MUI, Toleransi, dan Pancasila

MUI, Toleransi, dan Pancasila

Miris, menjelang hari lahir Pancasila, namun salah satu organ hidup bersama negeri ini malah mengeluarkan pernyataan yang mereka namakan fatwa  jauh dari nilai Pancasila. Bagaimana tidak, ketika mereka mengatakan haram menyatakan atau mengucapkan selamat hari raya milik agama lain. Pun mengenai salam milik agama lain juga haram.

Perilaku baik kog malah dibuat ribet dan ribut. Keadaan yang sudah sekian lama terjadi dan tidak ada yang menyoal itu, namun tiba-tiba dijadikan bahan kajian. Mengenai ucapan selamat hari raya memang sejak tahun 80-an. Polemik itu toh  selalu saja pro dan kontra. Masih banyak yang tidak ikut anjuran itu.

Kemudian hari muncul salam semua agama dalam acara-acara resmi kenegaraan bahkan, eh kini dipersoalkan. Maunya apa sih, sudah merasa paling  gede, ucapan salamnya yang pertama, maunya hanya sendirian tanpa agama yang lain begitu?

Jauh lebih baik, ganti saja dengan satu salam. Salam Indonesia, dengan selamat pagi, selamat siang, selamat sore, atau selamat malam. Tidak ada salam kog beragama. Sering malah salam itu lebih panjang dari isi pembicaraan, concoh   pertanyaan anggota kewan, eh dewan itu. Mbulet di salam agama, namun nol isinya.

Semua hal, ceramah, pidato, sambutan, eh pertanyaan dalam rapatpun selalu dengan salam, kepanjangan. Isinya gak berbobot lagi, untuk apa sih? Tidak usahlah mabok dengan salam dan sejenisnya, Ketika perilakunya ambradul.

Konon salam itu doa. Lha   faktanya apa yang ada di negeri ini, maling aka korupsi juga masih merajalela, sikap bertanggung jawab nol besar, ngeles atas pernyataan sendiri seolah biasa saja. Buat apa ucapan, salam, atau doa itu jika tidak diikuti dengan perilaku baik dan bagus.

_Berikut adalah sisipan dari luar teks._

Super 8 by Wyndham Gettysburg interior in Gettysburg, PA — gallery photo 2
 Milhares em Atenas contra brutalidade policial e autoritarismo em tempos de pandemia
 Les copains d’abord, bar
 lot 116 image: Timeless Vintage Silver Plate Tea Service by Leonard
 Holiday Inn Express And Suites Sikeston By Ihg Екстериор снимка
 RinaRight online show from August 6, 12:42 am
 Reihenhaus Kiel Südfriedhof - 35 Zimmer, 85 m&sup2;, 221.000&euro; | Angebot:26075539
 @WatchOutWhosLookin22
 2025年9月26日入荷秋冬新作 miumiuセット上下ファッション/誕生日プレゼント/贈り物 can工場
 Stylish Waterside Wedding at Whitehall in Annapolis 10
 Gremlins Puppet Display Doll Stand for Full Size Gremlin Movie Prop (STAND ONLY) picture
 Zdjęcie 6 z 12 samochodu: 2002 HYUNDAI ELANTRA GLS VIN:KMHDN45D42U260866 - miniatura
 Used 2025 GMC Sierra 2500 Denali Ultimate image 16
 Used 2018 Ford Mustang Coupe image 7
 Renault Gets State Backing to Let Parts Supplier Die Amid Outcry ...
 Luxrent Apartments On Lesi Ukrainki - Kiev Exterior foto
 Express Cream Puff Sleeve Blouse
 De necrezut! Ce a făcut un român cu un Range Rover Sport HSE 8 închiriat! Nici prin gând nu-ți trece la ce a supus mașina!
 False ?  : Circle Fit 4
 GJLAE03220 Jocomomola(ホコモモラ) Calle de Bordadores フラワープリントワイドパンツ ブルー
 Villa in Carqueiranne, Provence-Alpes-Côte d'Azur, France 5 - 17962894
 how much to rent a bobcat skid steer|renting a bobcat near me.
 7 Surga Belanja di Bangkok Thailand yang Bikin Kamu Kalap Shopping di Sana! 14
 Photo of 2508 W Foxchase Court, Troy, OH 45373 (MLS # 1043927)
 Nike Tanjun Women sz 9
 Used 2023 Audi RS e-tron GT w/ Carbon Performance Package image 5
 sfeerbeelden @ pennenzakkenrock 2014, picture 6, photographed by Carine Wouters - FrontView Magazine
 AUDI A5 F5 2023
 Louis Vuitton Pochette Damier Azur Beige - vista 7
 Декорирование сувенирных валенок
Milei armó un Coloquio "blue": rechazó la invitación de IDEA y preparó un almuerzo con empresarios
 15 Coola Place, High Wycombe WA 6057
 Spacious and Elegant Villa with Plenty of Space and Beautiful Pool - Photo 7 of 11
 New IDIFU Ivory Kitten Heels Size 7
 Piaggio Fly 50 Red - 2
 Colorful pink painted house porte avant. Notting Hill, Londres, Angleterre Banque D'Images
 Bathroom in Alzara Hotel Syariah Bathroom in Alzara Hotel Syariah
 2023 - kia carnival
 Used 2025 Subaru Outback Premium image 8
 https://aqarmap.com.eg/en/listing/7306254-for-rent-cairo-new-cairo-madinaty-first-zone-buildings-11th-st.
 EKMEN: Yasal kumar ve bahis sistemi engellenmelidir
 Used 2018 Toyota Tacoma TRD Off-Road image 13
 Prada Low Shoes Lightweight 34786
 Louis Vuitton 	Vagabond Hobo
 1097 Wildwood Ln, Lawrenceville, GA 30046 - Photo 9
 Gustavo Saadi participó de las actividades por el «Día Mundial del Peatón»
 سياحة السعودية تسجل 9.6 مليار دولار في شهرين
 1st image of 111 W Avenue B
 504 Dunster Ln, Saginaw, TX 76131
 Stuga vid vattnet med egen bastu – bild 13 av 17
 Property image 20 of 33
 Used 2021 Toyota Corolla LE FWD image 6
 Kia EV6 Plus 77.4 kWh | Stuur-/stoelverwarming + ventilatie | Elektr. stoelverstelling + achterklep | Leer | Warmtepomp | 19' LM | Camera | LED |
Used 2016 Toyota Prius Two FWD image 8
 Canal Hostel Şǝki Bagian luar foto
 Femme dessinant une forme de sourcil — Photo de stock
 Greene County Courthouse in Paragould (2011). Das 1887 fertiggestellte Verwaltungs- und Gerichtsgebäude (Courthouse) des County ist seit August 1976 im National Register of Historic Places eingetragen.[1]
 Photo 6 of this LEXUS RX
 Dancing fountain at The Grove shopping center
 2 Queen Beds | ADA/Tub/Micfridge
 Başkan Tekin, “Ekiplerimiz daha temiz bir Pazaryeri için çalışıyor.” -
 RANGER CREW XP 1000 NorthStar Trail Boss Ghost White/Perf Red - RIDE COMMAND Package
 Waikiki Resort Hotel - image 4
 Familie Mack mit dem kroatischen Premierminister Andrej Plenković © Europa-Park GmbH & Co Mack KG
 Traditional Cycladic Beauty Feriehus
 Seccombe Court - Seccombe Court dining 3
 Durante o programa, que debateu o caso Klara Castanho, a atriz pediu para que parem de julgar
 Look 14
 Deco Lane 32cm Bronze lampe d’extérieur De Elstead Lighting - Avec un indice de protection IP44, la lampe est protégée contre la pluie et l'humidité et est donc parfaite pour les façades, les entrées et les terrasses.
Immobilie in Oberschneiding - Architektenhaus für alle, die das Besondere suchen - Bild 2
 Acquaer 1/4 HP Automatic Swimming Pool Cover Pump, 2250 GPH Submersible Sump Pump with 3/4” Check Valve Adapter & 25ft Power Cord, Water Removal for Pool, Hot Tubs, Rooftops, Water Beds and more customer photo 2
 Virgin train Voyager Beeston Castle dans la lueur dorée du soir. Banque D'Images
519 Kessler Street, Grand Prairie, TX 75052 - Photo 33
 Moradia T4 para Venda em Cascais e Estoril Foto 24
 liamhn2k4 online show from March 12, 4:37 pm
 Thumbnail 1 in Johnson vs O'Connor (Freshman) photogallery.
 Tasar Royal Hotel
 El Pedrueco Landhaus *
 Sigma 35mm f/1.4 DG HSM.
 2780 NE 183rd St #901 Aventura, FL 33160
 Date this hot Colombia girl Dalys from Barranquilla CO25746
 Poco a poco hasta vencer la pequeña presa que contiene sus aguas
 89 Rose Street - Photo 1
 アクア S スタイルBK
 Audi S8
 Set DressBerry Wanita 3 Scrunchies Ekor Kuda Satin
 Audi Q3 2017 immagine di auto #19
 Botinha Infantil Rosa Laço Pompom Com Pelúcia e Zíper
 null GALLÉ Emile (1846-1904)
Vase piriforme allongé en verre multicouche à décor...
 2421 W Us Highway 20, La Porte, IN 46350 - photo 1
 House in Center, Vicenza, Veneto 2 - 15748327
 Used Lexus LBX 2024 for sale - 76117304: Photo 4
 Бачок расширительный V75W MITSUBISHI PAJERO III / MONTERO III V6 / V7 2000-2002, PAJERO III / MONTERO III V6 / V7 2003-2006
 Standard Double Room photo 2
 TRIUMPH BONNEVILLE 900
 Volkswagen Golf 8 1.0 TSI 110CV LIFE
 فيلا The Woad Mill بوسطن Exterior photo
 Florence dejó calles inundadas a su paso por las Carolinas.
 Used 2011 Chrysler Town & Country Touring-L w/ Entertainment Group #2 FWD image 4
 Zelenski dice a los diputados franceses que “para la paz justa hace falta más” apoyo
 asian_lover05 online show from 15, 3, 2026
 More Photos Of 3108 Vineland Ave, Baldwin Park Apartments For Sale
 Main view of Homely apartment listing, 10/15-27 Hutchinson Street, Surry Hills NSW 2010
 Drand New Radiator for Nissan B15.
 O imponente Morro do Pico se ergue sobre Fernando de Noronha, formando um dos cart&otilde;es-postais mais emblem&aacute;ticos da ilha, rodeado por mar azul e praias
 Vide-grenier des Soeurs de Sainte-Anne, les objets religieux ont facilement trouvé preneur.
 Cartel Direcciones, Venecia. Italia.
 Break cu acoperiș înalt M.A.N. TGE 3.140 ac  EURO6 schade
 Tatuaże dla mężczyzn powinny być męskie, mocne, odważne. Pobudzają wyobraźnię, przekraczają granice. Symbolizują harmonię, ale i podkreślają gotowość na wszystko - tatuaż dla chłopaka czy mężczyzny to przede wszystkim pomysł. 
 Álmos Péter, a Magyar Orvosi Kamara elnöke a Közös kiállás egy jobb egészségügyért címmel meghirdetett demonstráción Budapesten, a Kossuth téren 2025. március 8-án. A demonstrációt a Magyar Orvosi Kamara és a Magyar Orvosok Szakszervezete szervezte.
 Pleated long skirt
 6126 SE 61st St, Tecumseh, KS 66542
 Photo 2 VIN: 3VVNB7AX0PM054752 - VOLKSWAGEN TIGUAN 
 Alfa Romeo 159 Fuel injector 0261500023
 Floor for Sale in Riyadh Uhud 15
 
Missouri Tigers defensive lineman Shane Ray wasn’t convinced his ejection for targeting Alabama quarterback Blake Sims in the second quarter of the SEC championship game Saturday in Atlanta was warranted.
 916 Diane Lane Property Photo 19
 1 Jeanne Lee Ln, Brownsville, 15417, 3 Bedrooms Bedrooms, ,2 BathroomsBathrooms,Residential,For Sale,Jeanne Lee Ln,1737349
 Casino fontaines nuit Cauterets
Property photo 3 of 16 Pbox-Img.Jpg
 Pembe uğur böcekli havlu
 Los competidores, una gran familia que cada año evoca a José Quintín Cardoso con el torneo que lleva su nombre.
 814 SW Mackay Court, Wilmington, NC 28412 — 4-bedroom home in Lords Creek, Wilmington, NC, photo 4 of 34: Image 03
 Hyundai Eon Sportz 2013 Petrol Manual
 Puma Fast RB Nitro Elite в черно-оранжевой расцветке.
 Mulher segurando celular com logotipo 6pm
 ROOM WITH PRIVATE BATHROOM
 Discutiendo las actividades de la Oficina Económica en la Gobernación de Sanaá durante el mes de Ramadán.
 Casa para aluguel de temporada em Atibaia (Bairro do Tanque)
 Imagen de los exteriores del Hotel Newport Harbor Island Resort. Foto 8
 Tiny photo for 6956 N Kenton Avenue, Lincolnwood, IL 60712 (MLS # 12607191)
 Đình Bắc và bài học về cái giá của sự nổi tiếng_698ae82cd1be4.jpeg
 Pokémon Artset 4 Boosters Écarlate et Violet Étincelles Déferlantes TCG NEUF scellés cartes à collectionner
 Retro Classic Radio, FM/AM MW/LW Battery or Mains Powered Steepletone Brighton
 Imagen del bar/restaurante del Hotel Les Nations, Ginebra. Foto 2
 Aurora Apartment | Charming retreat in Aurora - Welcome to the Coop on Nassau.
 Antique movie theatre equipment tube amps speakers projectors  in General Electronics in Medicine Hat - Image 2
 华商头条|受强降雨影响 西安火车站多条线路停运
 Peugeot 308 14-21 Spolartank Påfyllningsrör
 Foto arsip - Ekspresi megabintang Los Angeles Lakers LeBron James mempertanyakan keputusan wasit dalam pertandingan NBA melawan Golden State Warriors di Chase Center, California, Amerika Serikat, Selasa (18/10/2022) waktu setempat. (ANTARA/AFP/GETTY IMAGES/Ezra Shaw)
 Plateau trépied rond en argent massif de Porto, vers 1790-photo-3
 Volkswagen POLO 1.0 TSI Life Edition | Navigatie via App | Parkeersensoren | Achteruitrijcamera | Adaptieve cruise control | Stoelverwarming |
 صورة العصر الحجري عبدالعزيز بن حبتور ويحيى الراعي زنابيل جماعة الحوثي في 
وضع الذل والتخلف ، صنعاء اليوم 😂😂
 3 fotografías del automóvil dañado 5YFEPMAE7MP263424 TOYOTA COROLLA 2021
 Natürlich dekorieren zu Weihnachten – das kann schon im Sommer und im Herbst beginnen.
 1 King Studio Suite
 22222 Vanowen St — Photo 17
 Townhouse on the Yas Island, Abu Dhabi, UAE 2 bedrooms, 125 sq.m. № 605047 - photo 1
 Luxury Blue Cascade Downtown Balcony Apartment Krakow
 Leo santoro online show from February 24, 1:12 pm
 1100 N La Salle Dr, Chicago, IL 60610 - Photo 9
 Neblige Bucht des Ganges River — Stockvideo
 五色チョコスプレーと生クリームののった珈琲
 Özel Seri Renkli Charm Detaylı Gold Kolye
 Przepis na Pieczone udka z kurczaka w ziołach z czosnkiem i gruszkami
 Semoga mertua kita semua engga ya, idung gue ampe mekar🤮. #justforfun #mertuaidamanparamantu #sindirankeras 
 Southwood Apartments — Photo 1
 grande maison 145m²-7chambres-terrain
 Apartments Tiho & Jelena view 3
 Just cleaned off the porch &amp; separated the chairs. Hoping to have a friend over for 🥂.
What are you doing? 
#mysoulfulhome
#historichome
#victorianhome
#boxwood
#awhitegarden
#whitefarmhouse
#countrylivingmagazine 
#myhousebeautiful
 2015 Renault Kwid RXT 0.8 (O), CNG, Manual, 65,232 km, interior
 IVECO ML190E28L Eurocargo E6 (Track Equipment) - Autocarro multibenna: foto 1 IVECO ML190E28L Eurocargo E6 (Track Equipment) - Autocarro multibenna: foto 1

Biar saja salam atau do aitu untuk kegiatan keagamaan. Pengajian, kajian, retret, rekoleksi, ibadah, atau apapun namanya. Namun  ketika pidato, sambutan, bahkan pertanyaan tidak usah ada salam beragama itu. Kembalikan pada porsinya.

Semua kog seolah-olah mau diagamakan. Mirisnya, perilaku dan pernyataannya jauh dari ciri orang beragama. Padahal tanpa label, kaca-kata agamis, namun berlaku adil, jujur, bertanggung jawab, tidak malingan, dan bekerja keras jauh lebih bermakna.

Hasil itjima ulama kali ini saya dukung. Sejuta prosen sepakat, kembalikan agama pada koridornya, tidak semua juga harus dilabeli agamanya. Tidak perlu mabok agama dan kata suci, namun perilakunya malah mengingkari itu semua. Artikel ini bukan bicara sekularisme, namun bagaimana beragama dengan takaran yang pas. Empan papan.